Blockchain is a secure online record for every transaction made. Hundreds of transactions make up a single block. There are lots of blocks.
No person, business or government controls the blockchains – they are spread out across the computers and digital wallets of the people who own the cryptocurrencies.
Unlike paper money, Blockchain leaves no physical imprint, making currencies impossible to steal or counterfeit.
What are the main cryptocurrencies?
Bitcoin is the most well known, but as of July 2017, there are over 900 different cryptocurrencies.
This number is growing rapidly. Just like the dot.com boom from 1995 to 2001, there are new developments every day.
Bitcoin and Ethereum are getting the most press right now, and together make up more than half of the $100 billion global cryptocurrency maket.
- Bitcoin was invented in 2008 by an unknown person (or group of people…) using the name Satoshi Nakamoto.
- Bitcoins can be ‘mined’ by anyone with the computer power and software to do so. Miners use special ‘mining software’ to solve maths problems and receive a certain number of bitcoins in exchange.
- The maths problems get harder with time so they need progressively more computing power.
- Per Satoshi’s Bitcoin algorithm, only 21 million bitcoins can ever be mined. Each bitcoin, however, can be divided into 100 million different ‘Satoshis’.
- Unlike paper money, central banks can’t print Bitcoins into infinity, which makes them good for inflation protection.
- You can use Bitcoins to buy things without paying transaction fees. Transactions are logged using Blockchain technology.
The graph below shows the price changes of Bitcoin over the last year, going from about $500 to over $4,000 per coin at the time of writing.
In July 2010, a Bitcoin was only worth five cents!
- Ethereum was first introduced in July 2015.
- Ethereum coins are called Ethers.
- Like Bitcoin, Ethereum uses Blockchain technology to limit its supply and secure each transaction.
- However, unlike Bitcoin, Ethereum’s blockchain uses smart contracts, which can represent anything from virtual shares to golf club memberships.
- Smart contracts allow transactions to be programmed. Your money could be programmed to invest, save and spend all on its own!
Here’s what the price of Ether has done over the last year…
Is there more upside in the cryptocurrency market?
The global market cap (total market value) of all the different cryptocurrencies now stands at roughly $100 billion. Of this, around $40 billion are Bitcoins and around $30 billion are Ethers.
Most funds are prohibited from investing in cryptocurrencies because they are still considered too risky by their investors. This is likely to change with time, as the cryptocurrency market grows in size and more people start using digital currencies in their everyday lives.

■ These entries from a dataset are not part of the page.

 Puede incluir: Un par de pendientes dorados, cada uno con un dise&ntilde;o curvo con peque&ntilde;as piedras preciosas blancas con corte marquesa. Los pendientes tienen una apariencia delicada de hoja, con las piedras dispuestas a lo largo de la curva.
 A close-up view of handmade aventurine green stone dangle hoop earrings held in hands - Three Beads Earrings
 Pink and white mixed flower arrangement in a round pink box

Even if a few large fund managers were to start investing just 0.1% of their funds into cryptos, the market would grow to astronomical levels.

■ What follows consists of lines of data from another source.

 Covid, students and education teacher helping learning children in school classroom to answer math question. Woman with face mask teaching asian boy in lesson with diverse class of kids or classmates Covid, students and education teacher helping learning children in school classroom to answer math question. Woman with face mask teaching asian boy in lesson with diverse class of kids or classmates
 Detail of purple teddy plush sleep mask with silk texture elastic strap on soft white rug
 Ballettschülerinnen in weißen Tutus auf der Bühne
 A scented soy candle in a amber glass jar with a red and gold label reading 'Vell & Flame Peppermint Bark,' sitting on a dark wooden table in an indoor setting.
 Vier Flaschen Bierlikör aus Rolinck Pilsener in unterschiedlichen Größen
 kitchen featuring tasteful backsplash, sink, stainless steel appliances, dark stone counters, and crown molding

In fact, some hedge funds – who have more power to invest as they please than regular funds do – have already started investing in cryptocurrencies. Given the graphs above, most of these hedge funds have done rather well.
What are the risks of crypto investing?
There are plenty.
- Governments don’t like it. They want to keep control of their monetary systems and be able to print money to boost their economies as needed. They can’t do this with Blockchain.
- Big banks don’t like it either. They make money from their customers on transactions. With Blockchain there are no middlemen.
- Crypto exchanges can get hacked. Bithumb, one of the world’s five largest Bitcoin and Ethereum exchanges, was hacked in July 2017.
- Cryptocurrencies are highly volatile in price. Something that goes up by 4,000% in a year can just as easily go the other way.
- Twenty-five percent of Bitcoin’s computing power is located in a couple of warehouses in Shenzen, China. This poses a threat to the decentralized nature of Bitcoin mining.
Should you invest in cryptocurrencies?
Despite the risks, there’s enormous long-term growth potential for this new and exciting market. That said, you should only invest with the spare change that you could easily afford to lose. And make sure you have the right crypto investment strategy.